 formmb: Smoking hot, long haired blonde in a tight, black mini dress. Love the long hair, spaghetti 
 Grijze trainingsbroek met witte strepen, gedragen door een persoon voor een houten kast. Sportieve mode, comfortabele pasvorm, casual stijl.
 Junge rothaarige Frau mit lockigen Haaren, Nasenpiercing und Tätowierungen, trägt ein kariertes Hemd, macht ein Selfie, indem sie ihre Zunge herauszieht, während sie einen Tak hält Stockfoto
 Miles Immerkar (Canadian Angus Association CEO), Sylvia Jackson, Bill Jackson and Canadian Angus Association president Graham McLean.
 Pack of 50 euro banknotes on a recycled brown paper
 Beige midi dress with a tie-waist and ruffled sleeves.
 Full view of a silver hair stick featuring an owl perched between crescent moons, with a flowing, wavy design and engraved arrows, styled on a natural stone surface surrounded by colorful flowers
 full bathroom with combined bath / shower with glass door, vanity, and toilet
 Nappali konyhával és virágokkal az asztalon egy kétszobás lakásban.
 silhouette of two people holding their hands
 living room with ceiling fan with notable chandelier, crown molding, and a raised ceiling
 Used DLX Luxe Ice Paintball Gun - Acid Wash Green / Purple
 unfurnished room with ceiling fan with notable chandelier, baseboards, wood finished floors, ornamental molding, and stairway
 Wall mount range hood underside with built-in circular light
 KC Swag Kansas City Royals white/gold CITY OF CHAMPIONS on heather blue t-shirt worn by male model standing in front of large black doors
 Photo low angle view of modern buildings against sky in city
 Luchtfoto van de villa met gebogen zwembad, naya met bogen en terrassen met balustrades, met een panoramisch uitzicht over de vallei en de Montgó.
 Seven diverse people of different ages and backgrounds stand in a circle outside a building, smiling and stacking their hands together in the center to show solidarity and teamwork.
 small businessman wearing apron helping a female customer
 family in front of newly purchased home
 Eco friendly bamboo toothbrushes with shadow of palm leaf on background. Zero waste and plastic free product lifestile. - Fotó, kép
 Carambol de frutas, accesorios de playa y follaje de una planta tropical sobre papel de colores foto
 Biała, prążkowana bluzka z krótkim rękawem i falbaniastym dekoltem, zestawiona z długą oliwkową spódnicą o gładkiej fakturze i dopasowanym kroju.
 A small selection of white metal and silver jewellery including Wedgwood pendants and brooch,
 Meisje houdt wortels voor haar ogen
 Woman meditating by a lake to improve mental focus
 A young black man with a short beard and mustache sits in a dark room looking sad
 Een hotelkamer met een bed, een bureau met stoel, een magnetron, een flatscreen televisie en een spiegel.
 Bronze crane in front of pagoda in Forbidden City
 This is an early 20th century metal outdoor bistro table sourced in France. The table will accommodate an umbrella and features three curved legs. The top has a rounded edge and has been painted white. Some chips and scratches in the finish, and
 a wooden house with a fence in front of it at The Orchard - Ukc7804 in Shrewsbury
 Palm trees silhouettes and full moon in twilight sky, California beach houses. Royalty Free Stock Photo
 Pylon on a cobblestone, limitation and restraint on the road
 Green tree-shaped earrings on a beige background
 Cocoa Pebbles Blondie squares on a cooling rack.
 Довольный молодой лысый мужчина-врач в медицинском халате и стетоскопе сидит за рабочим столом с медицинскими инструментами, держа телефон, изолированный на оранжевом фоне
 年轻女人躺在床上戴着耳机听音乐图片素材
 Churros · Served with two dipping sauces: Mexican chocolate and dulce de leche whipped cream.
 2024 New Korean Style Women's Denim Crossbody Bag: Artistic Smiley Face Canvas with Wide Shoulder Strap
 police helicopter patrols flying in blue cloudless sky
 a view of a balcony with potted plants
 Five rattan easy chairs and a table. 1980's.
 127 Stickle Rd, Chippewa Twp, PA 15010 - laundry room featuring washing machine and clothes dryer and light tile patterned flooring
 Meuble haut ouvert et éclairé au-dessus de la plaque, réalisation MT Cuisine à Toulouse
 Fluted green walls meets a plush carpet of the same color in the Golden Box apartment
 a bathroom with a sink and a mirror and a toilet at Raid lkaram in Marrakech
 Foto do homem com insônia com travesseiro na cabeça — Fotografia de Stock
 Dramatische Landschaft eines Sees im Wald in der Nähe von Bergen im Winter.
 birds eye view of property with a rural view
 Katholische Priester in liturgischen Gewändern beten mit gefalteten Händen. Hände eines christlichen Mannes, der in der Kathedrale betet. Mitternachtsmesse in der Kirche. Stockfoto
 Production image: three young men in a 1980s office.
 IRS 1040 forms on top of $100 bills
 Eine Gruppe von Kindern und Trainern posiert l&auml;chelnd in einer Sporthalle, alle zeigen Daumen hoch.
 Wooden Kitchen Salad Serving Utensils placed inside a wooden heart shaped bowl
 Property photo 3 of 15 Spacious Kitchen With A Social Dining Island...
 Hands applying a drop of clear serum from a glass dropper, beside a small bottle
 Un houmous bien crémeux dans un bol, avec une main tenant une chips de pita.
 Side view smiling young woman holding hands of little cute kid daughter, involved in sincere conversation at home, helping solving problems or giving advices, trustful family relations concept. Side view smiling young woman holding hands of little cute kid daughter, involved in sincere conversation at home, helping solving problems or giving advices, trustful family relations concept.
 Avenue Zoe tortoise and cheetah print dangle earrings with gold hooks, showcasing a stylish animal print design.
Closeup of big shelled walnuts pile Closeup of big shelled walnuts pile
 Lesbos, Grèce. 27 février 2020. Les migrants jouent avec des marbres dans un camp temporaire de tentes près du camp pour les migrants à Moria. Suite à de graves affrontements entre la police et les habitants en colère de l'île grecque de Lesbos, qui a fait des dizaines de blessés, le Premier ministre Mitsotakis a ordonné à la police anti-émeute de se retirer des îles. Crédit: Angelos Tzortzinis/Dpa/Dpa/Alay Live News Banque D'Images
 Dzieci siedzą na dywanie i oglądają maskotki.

EXERCISE REQUIREMENTS = Give the records above again in full, keeping every character unchanged.

RESPONSE FOR THIS EXERCISE =
 formmb: Smoking hot, long haired blonde in a tight, black mini dress. Love the long hair, spaghetti 
 Grijze trainingsbroek met witte strepen, gedragen door een persoon voor een houten kast. Sportieve mode, comfortabele pasvorm, casual stijl.
 Junge rothaarige Frau mit lockigen Haaren, Nasenpiercing und Tätowierungen, trägt ein kariertes Hemd, macht ein Selfie, indem sie ihre Zunge herauszieht, während sie einen Tak hält Stockfoto
 Miles Immerkar (Canadian Angus Association CEO), Sylvia Jackson, Bill Jackson and Canadian Angus Association president Graham McLean.
 Pack of 50 euro banknotes on a recycled brown paper
 Beige midi dress with a tie-waist and ruffled sleeves.
 Full view of a silver hair stick featuring an owl perched between crescent moons, with a flowing, wavy design and engraved arrows, styled on a natural stone surface surrounded by colorful flowers
 full bathroom with combined bath / shower with glass door, vanity, and toilet
 Nappali konyhával és virágokkal az asztalon egy kétszobás lakásban.
 silhouette of two people holding their hands
 living room with ceiling fan with notable chandelier, crown molding, and a raised ceiling
 Used DLX Luxe Ice Paintball Gun - Acid Wash Green / Purple
 unfurnished room with ceiling fan with notable chandelier, baseboards, wood finished floors, ornamental molding, and stairway
 Wall mount range hood underside with built-in circular light
 KC Swag Kansas City Royals white/gold CITY OF CHAMPIONS on heather blue t-shirt worn by male model standing in front of large black doors
 Photo low angle view of modern buildings against sky in city
 Luchtfoto van de villa met gebogen zwembad, naya met bogen en terrassen met balustrades, met een panoramisch uitzicht over de vallei en de Montgó.
 Seven diverse people of different ages and backgrounds stand in a circle outside a building, smiling and stacking their hands together in the center to show solidarity and teamwork.
 small businessman wearing apron helping a female customer
 family in front of newly purchased home
 Eco friendly bamboo toothbrushes with shadow of palm leaf on background. Zero waste and plastic free product lifestile. - Fotó, kép
 Carambol de frutas, accesorios de playa y follaje de una planta tropical sobre papel de colores foto
 Biała, prążkowana bluzka z krótkim rękawem i falbaniastym dekoltem, zestawiona z długą oliwkową spódnicą o gładkiej fakturze i dopasowanym kroju.
 A small selection of white metal and silver jewellery including Wedgwood pendants and brooch,
 Meisje houdt wortels voor haar ogen
 Woman meditating by a lake to improve mental focus
 A young black man with a short beard and mustache sits in a dark room looking sad
 Een hotelkamer met een bed, een bureau met stoel, een magnetron, een flatscreen televisie en een spiegel.
 Bronze crane in front of pagoda in Forbidden City
 This is an early 20th century metal outdoor bistro table sourced in France. The table will accommodate an umbrella and features three curved legs. The top has a rounded edge and has been painted white. Some chips and scratches in the finish, and
 a wooden house with a fence in front of it at The Orchard - Ukc7804 in Shrewsbury
 Palm trees silhouettes and full moon in twilight sky, California beach houses. Royalty Free Stock Photo
 Pylon on a cobblestone, limitation and restraint on the road
 Green tree-shaped earrings on a beige background
 Cocoa Pebbles Blondie squares on a cooling rack.
 Довольный молодой лысый мужчина-врач в медицинском халате и стетоскопе сидит за рабочим столом с медицинскими инструментами, держа телефон, изолированный на оранжевом фоне
 年轻女人躺在床上戴着耳机听音乐图片素材
 Churros · Served with two dipping sauces: Mexican chocolate and dulce de leche whipped cream.
 2024 New Korean Style Women's Denim Crossbody Bag: Artistic Smiley Face Canvas with Wide Shoulder Strap
 police helicopter patrols flying in blue cloudless sky
 a view of a balcony with potted plants
 Five rattan easy chairs and a table. 1980's.
 127 Stickle Rd, Chippewa Twp, PA 15010 - laundry room featuring washing machine and clothes dryer and light tile patterned flooring
 Meuble haut ouvert et éclairé au-dessus de la plaque, réalisation MT Cuisine à Toulouse
 Fluted green walls meets a plush carpet of the same color in the Golden Box apartment
 a bathroom with a sink and a mirror and a toilet at Raid lkaram in Marrakech
 Foto do homem com insônia com travesseiro na cabeça — Fotografia de Stock
 Dramatische Landschaft eines Sees im Wald in der Nähe von Bergen im Winter.
 birds eye view of property with a rural view
 Katholische Priester in liturgischen Gewändern beten mit gefalteten Händen. Hände eines christlichen Mannes, der in der Kathedrale betet. Mitternachtsmesse in der Kirche. Stockfoto
 Production image: three young men in a 1980s office.
 IRS 1040 forms on top of $100 bills
 Eine Gruppe von Kindern und Trainern posiert l&auml;chelnd in einer Sporthalle, alle zeigen Daumen hoch.
 Wooden Kitchen Salad Serving Utensils placed inside a wooden heart shaped bowl
 Property photo 3 of 15 Spacious Kitchen With A Social Dining Island...
 Hands applying a drop of clear serum from a glass dropper, beside a small bottle
 Un houmous bien crémeux dans un bol, avec une main tenant une chips de pita.
 Side view smiling young woman holding hands of little cute kid daughter, involved in sincere conversation at home, helping solving problems or giving advices, trustful family relations concept. Side view smiling young woman holding hands of little cute kid daughter, involved in sincere conversation at home, helping solving problems or giving advices, trustful family relations concept.
 Avenue Zoe tortoise and cheetah print dangle earrings with gold hooks, showcasing a stylish animal print design.
Closeup of big shelled walnuts pile Closeup of big shelled walnuts pile
 Lesbos, Grèce. 27 février 2020. Les migrants jouent avec des marbres dans un camp temporaire de tentes près du camp pour les migrants à Moria. Suite à de graves affrontements entre la police et les habitants en colère de l'île grecque de Lesbos, qui a fait des dizaines de blessés, le Premier ministre Mitsotakis a ordonné à la police anti-émeute de se retirer des îles. Crédit: Angelos Tzortzinis/Dpa/Dpa/Alay Live News Banque D'Images
 Dzieci siedzą na dywanie i oglądają maskotki.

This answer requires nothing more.